Readers letters
1. I have recently received a copy of the IMechE's position statement on Direct Air Capture (DAV) of CO2. I must say that I am surprised that, in an effort to spearhead innovation, the Institution appears to have left behind some of the principles that those of us working in the field take for granted. I would therefore welcome the opportunity to acquaint your readership of these principles which may assist them in their understanding and aid them in any debate that they might have with better-informed colleagues.
Direct Air Capture may have a role to play eventually in countering emissions from some decentralised sources of CO2 such as from buildings and vehicles (ships, planes) that prove expensive to reduce by other means, but there is other relatively “low hanging fruit” to be picked before addressing these sources. Examples of this:
- energy constraint (do we need to use it in the first place?)
- energy efficiency (using less of it to do the same job)
- use of lower CO2 energy sources (e.g. Power stations, wind and wave)
- CO2 capture from large point source emitters (e.g. Power stations, steelworks, refineries) and storage
Until capture from these sources has been implemented on a global scale, DAC is never going to be cost-effective alternative.

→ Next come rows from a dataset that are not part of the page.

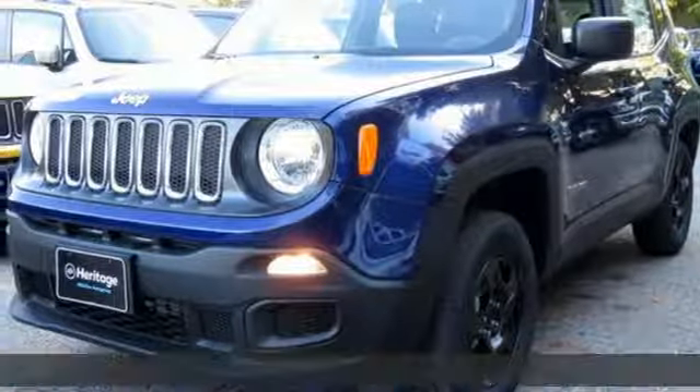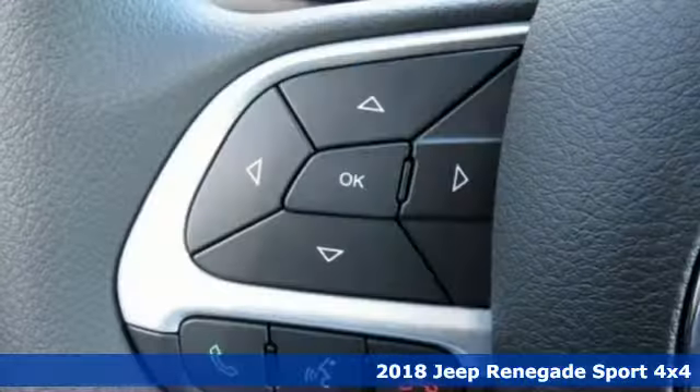Here's a new 2018 Jeep Renegade. The Jeep life fits your life.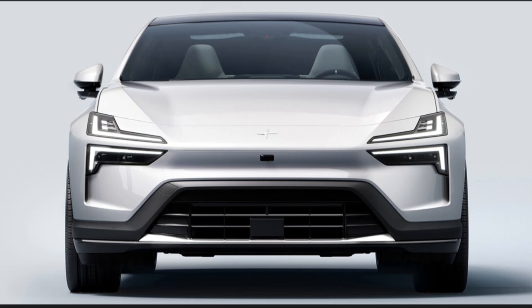In this video, I will talk to you about the 2025 Polestar 4. Don't forget to subscribe to my channel — let's get started.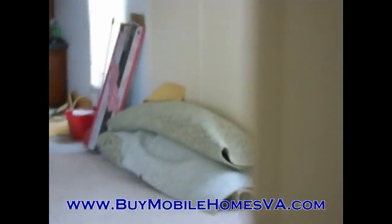This is Sam with Blue Ridge Mobile Homes. Thank you for your time today. Look forward to seeing you on the website, and until next time, we'll see you there.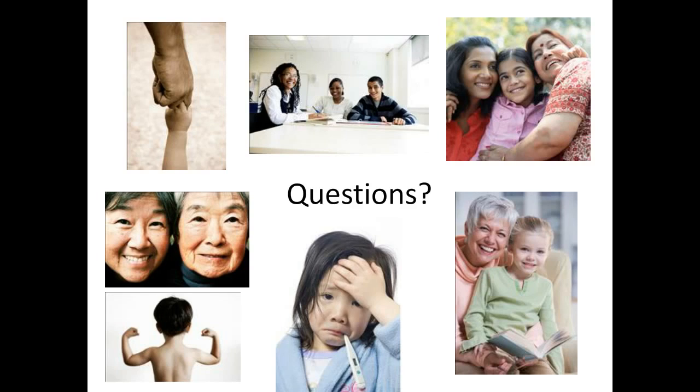Thanks for that answer. We have another question coming in: 'Can you repeat the website for the AHRQ again?' Sure. I believe it's AHRQ.HHS.gov, but if you put AHRQ in your search engine, it will come up easily.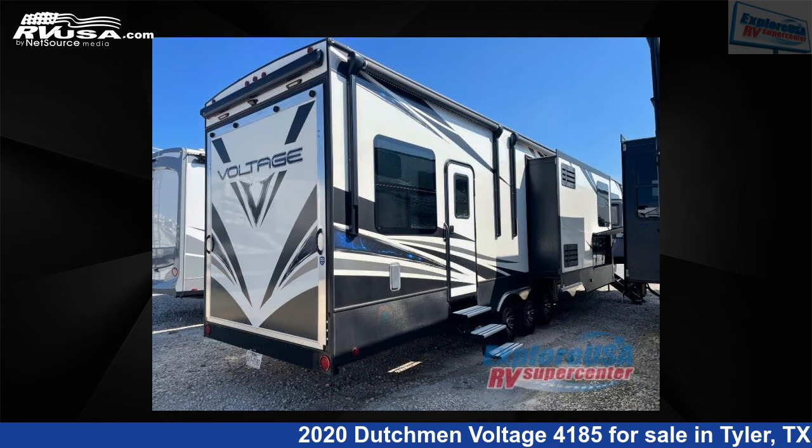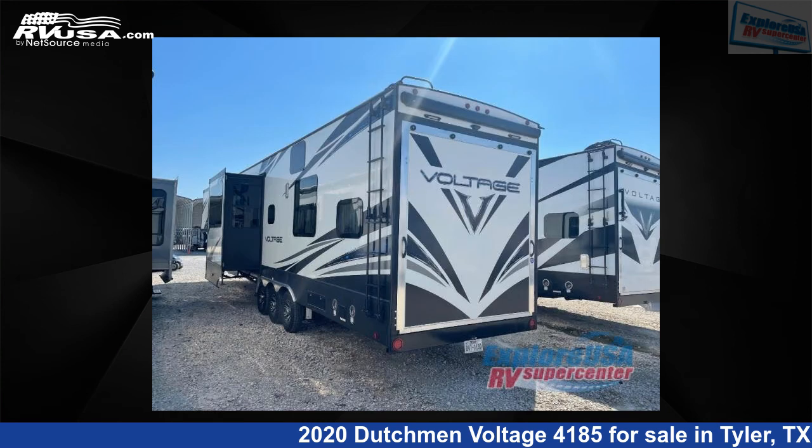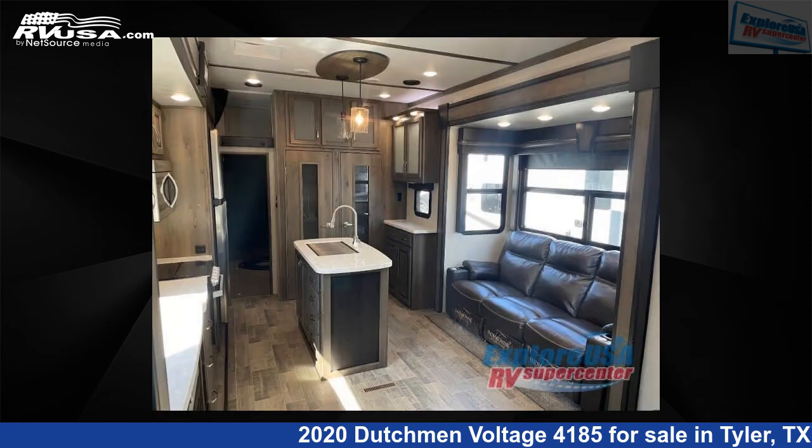For more information and pricing on this unit, and to see all units available for sale by ExploreUSA RV Supercenter, Tyler, TX, visit RVUSA.com.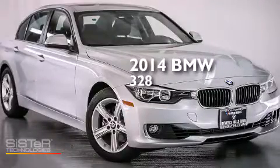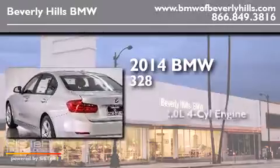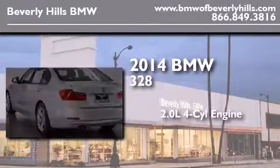This is a brand new 2014 BMW 328. It has a 2.0 liter 4-cylinder engine and an automatic transmission.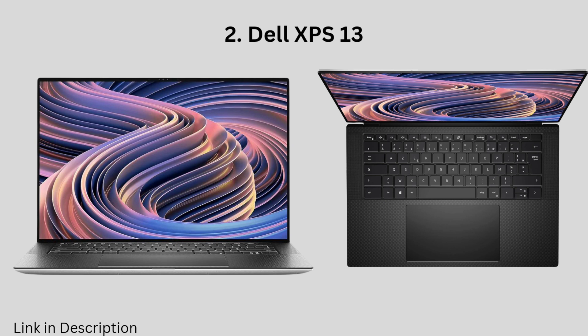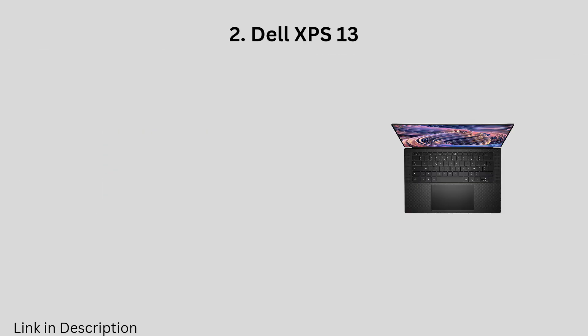The XPS 13 has a long battery life of up to 14 hours, a beautiful OLED display, and a comfortable keyboard.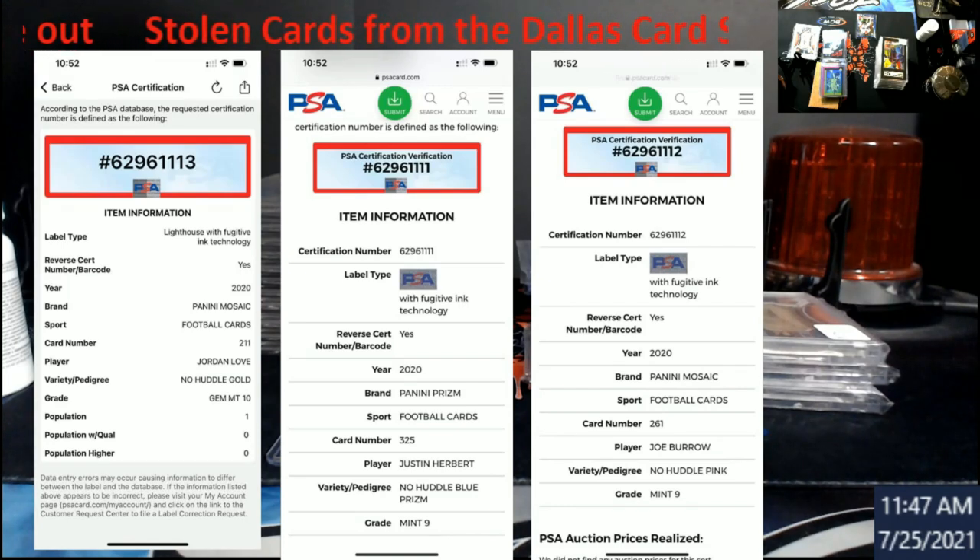So if you guys are going out to the National, try to keep an eye out for those. If you see them, at least you have the serial numbers. You have the three cert numbers — two of the three are serial numbered. Love is one out of ten and Herbert is two out of 79.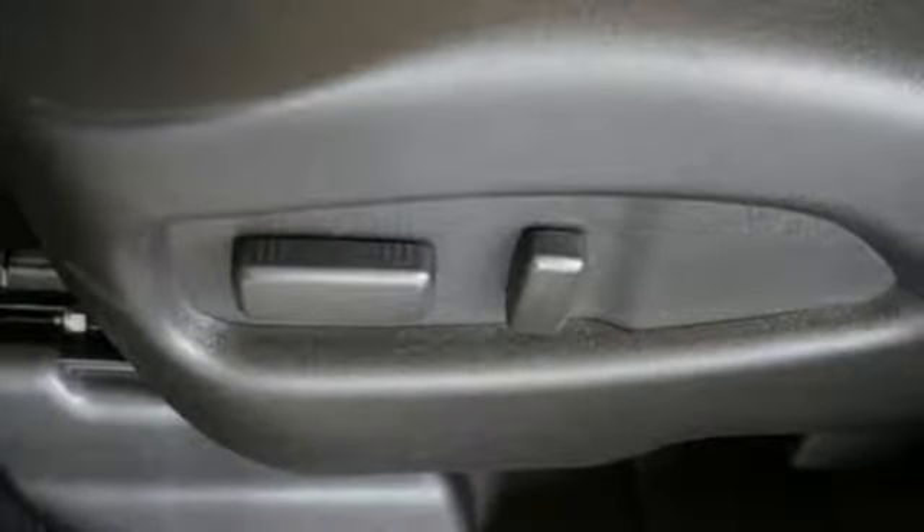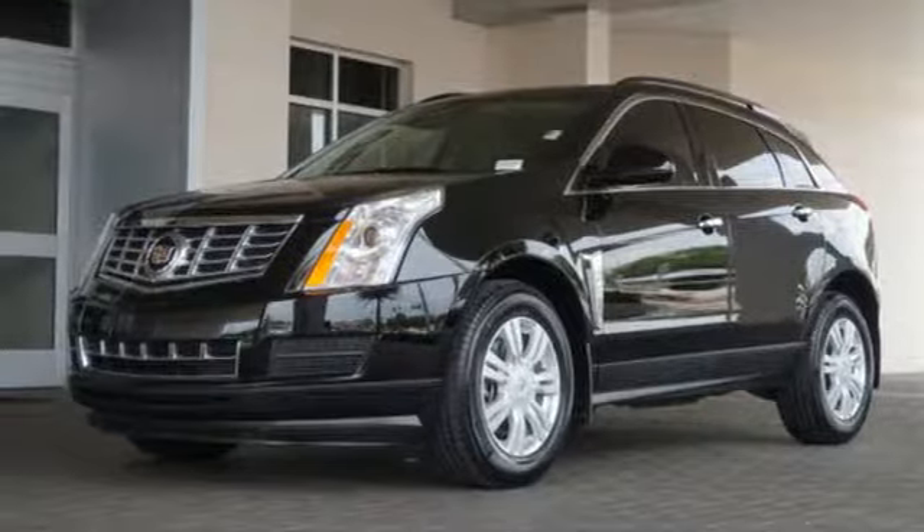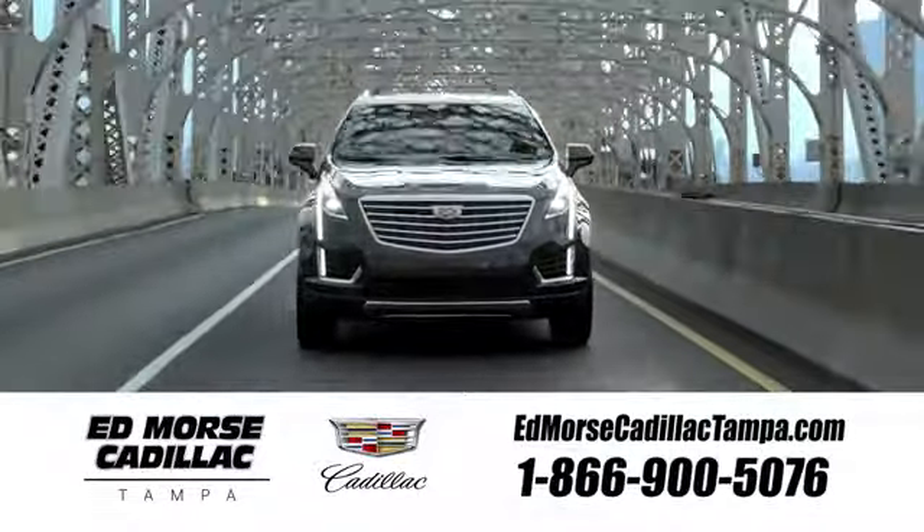The SRX is functional and feature-packed. Take it for a test drive today. Visit our website at edmorsecadillactampa.com or call us today.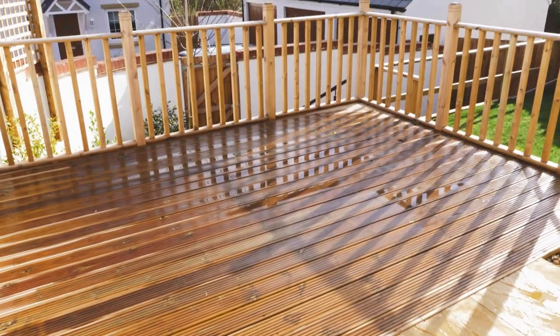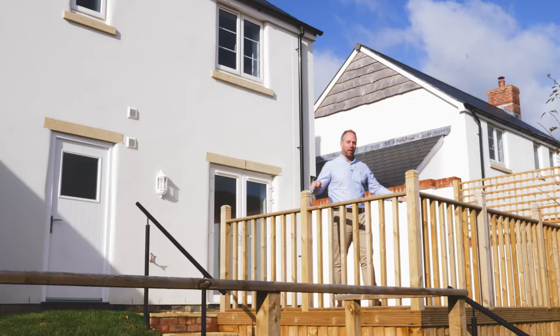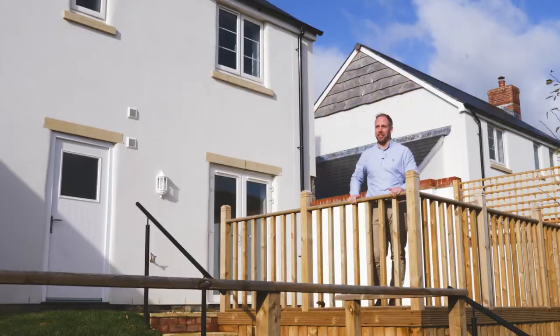Outside is this stunning landscaped garden. You've got a raised deck area, a lawn planted out, and the view is just absolutely to die for.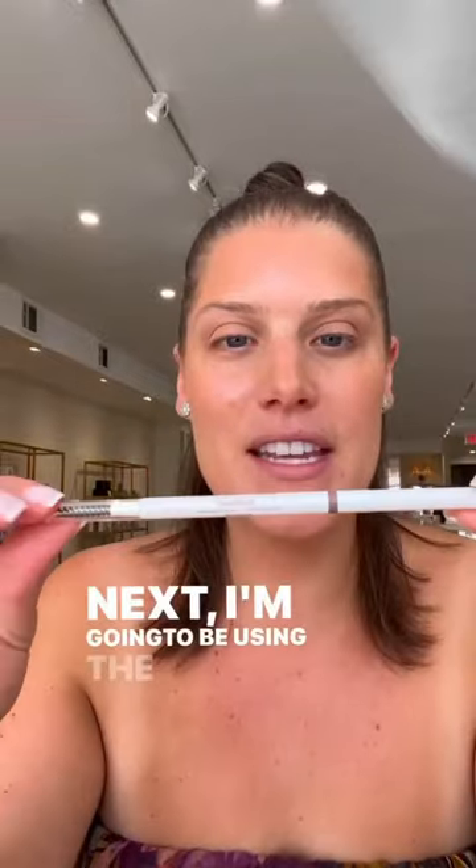Next I'm going to be using the Jane Iredale Pure Brow Precision Pencil to fill in my brows and use it as eyeliner as well.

2. High CO2-emitting energy sources are not viable options for providing the power for DAC systems because their CO2 emissions may well exceed the CO2 captured. Compressing CO2 to conditions suitable for long-term geological storage is an energy-intensive process: the sensible place to start is with CO2 at pressure, then CO2 at atmospheric pressure and lastly that under vacuum conditions, because compressor power increases exponentially with the pressure differential.
3. The storage part of CO2 capture and storage (CCS) would have to be both inexpensive and feasible at a grand scale for any additional CO2 captured by DAC to be economically viable. The current mechanisms to incentivise this are inadequate by several orders of magnitude.
4. Economic models of global CO2 emissions stretching over very long periods of time, particularly those that feature “overshoot trajectories” and rely on DAC should be viewed with extreme caution, given the large uncertainties associated with technology roll-out and global uptake.
I would conclude that DAC is not currently an economically viable approach to mitigating climate change. At best DAC is a dream, and at worst it is a distraction of funds and engineering effort from more promising technologies. With a consequential delay in their implementation.